On October 21, 2005, the Company entered into a Business Restructuring Agreement
(the "Agreement") with Team Allied Profits Limited, a British Virgin Islands
corporation (the "Consultant"). The Consultant was engaged by the Company to
provide business restructuring services in order to solicit suitable businesses
in Hong Kong or China with net asset values not less than $4,000,000 for
acquisitions by the Company in order to restructure its business operations.

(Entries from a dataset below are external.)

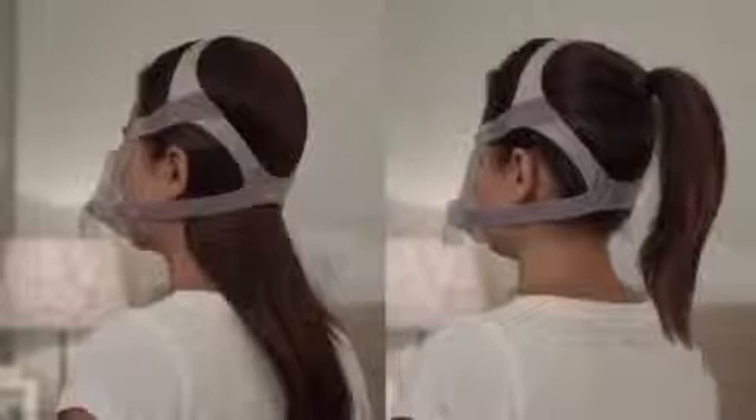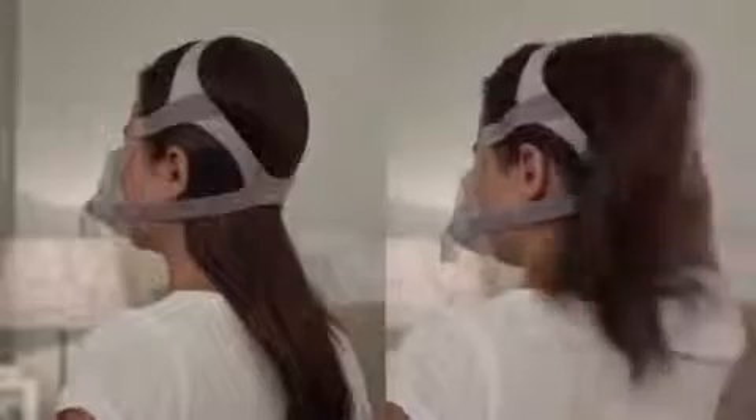ResMed has the hair management needs of women covered, too. You can position the lower part of the headgear over or under your hair to suit your hairstyle preference.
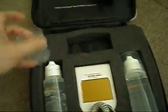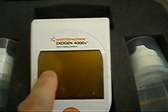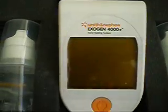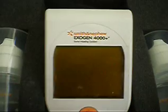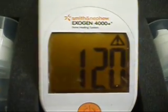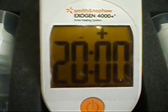Here is the unit itself, and I'm going to turn it on and demonstrate one thing for you. When you see a lot of sellers that have these, they will take a screenshot of the screen once they turn it on to indicate how many total uses it's had. I'm going to do the same thing in video form — press the button.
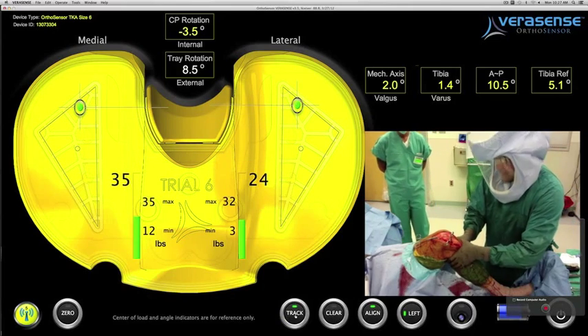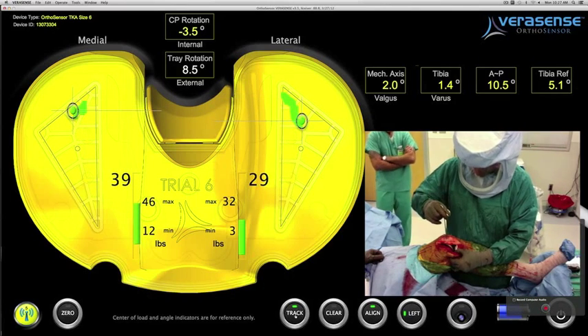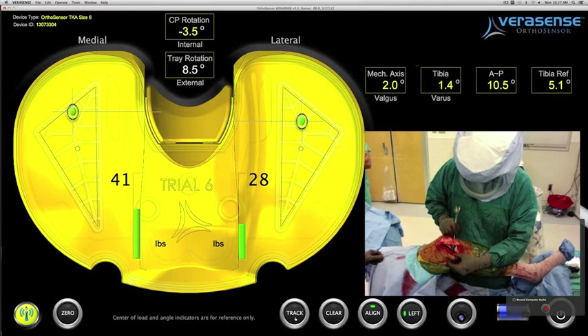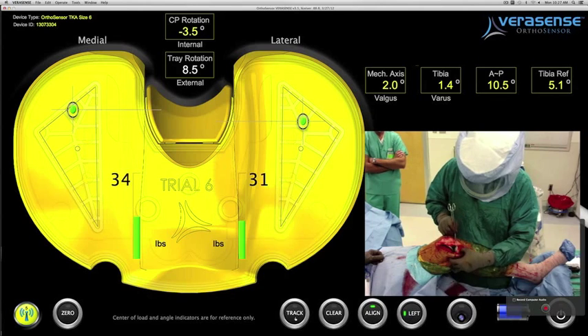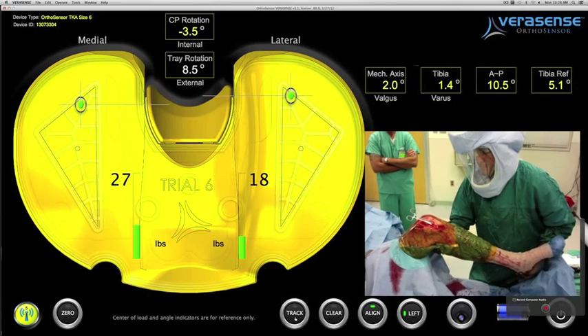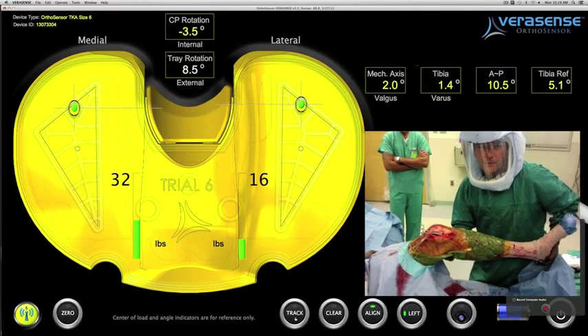He evaluates the rollback, which is symmetrical, and has a stable posterior drawer depicted by the contact points staying centralized. He puts the knee into the mid-flexion to flexion position, palpates the tight anterior medial collateral fibers, and with a pie-crusting technique improves the flexion as well as mid-flexion loads.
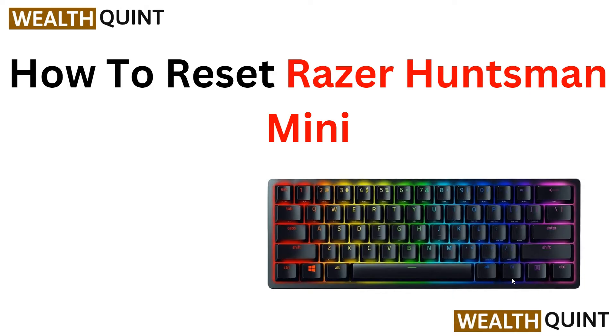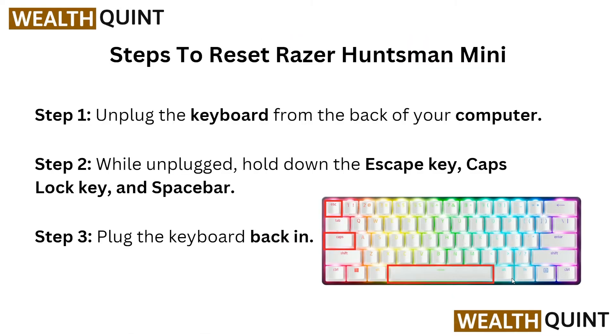Now let's begin. Here are the steps to reset your Razer Huntsman Mini. In step one, you have to unplug the keyboard from the back of your computer. Then in step two, while unplugged, hold down the Escape key, Caps Lock key, and Spacebar at the same time.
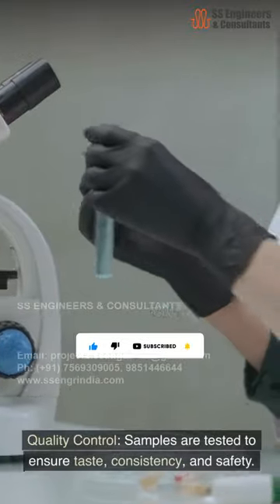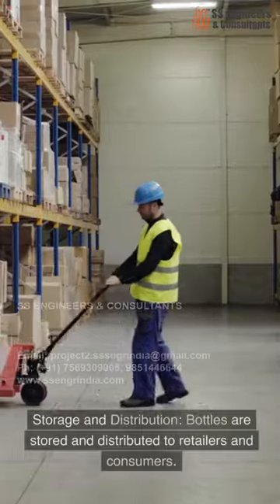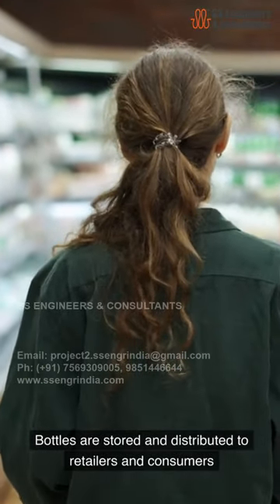Labeling and packaging. Samples are tested to ensure taste, consistency, and safety. Storage and distribution: bottles are stored and distributed to retailers and consumers.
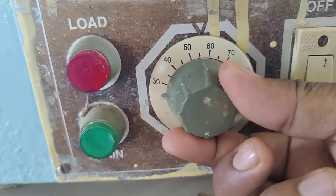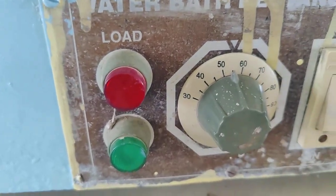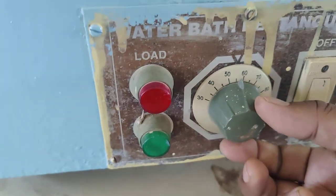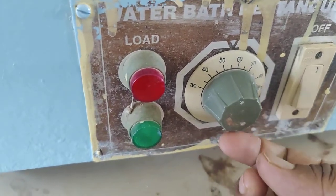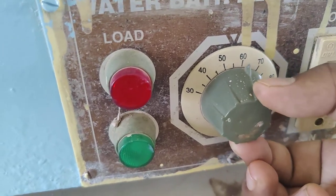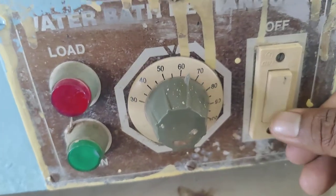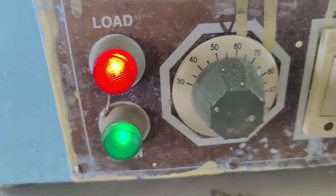The operating functions of this water bath rectangular include two indicators, one on/off switch, and another switch to set the temperature. Whatever temperature we want, we can set it from this knob.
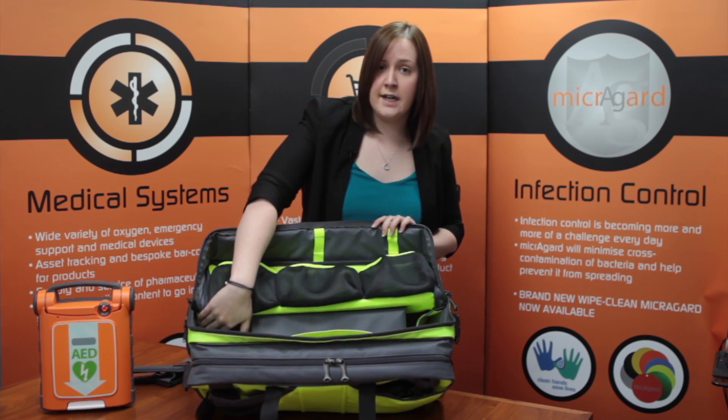In the bottom of this section there is a secure and protected tunnel for a D-sized oxygen cylinder with an external access point.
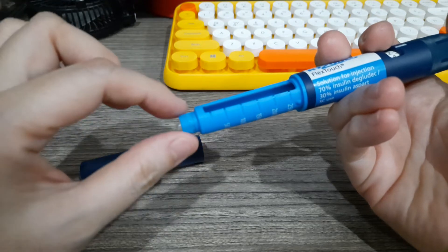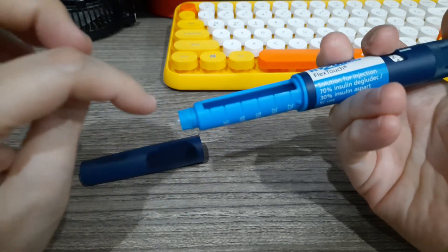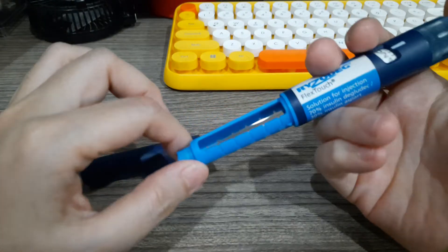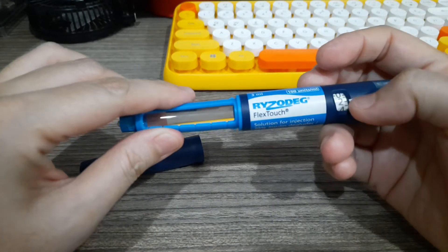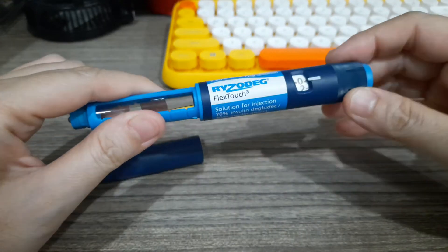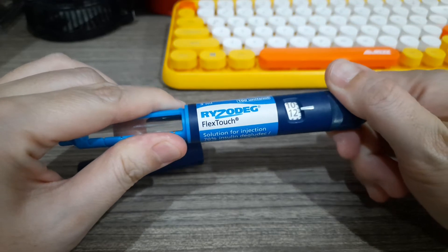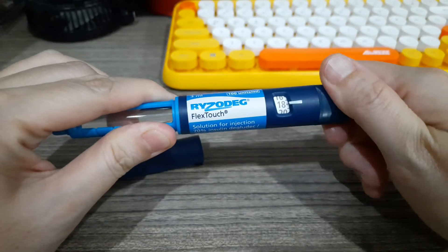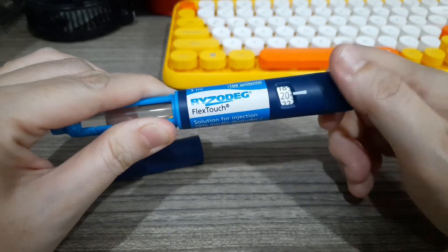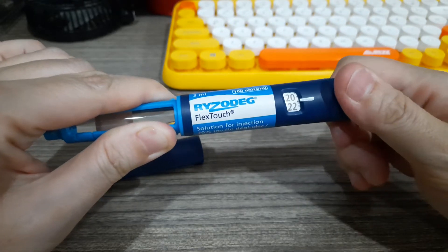That tiny dot means the needle you put is patent, so it will release insulin. The number will go back to zero, and that's when you proceed to dial the desired dose. Let's say your physician says 20 — one click is one unit. If you make a mistake, just turn it back — it's okay.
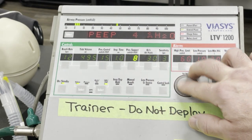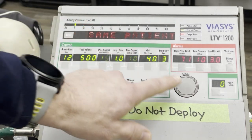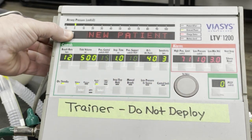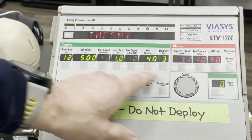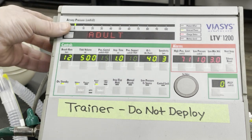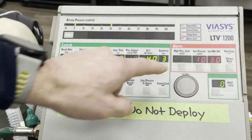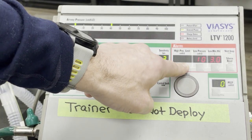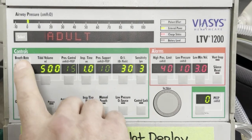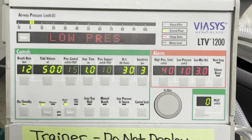Before you connect to your patient, power on the ventilator and program in the vent settings. Select new patient, then select patient category. As soon as you confirm patient category, the vent will begin to operate. Because it is not connected to the patient, the alarms will start almost immediately. This is expected and can be ignored for now. Be ready to push the silence reset button once to limit the distraction this noise causes.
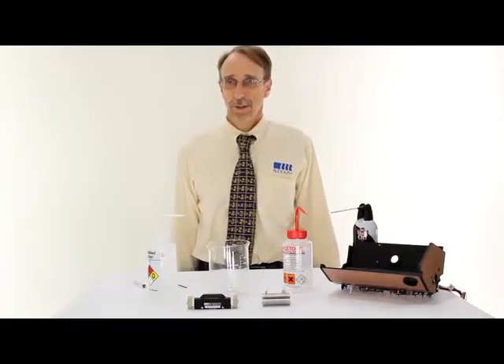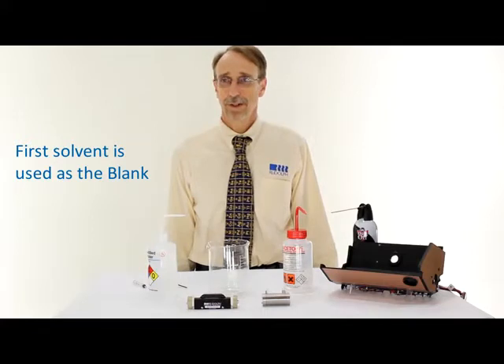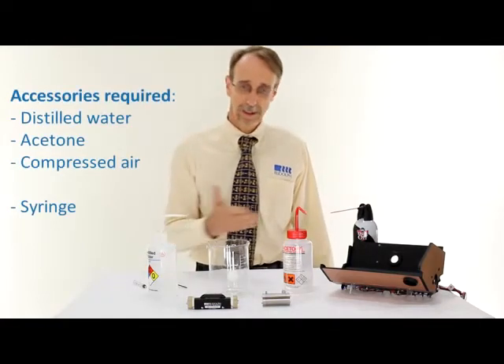Before starting the process, suitable solvents need to be selected. Often two solvents are used: one that will remove the sample, and another that will remove the first solvent. Since this cell had sucrose in it, I'm going to use water and acetone.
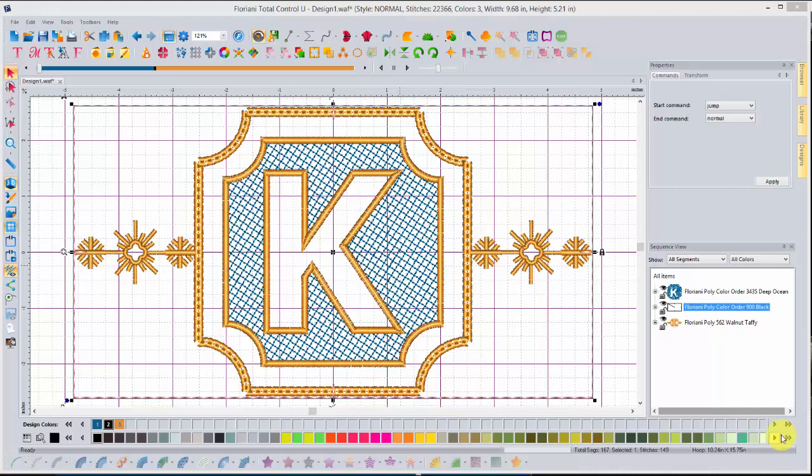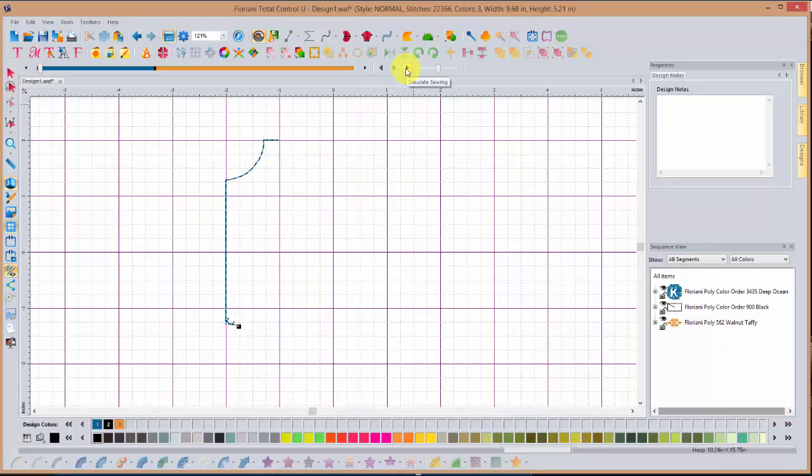The last thing I'm going to do before moving to the machine is use Simulate Sewing to observe how this design will stitch out — if I'm not happy with something and need to make changes, I can catch it in the software. Sometimes you just have to move the design to the machine to see certain things, but let's go ahead. This is your Simulate Sewing button. We can speed that up just a little bit and I'll watch how this stitches out.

On April 9, 2006, the Company entered into a Sale and Purchase Agreement (the
"Sale and Purchase Agreement") with RC Capital, Dalian Fengming International
Recreation Town Co., Ltd. ("Dalian Fengming") and Ms. Hoi-ho Kiu, CEO of the
Company, which sets forth the terms and conditions of the acquisition of Dalian
Fengming International Recreation Town Phase II ("Recreation Town") in exchange
for 28,000,000 shares of common stock in the Company. The transaction is
contemplated to be closed on or before July 31, 2006.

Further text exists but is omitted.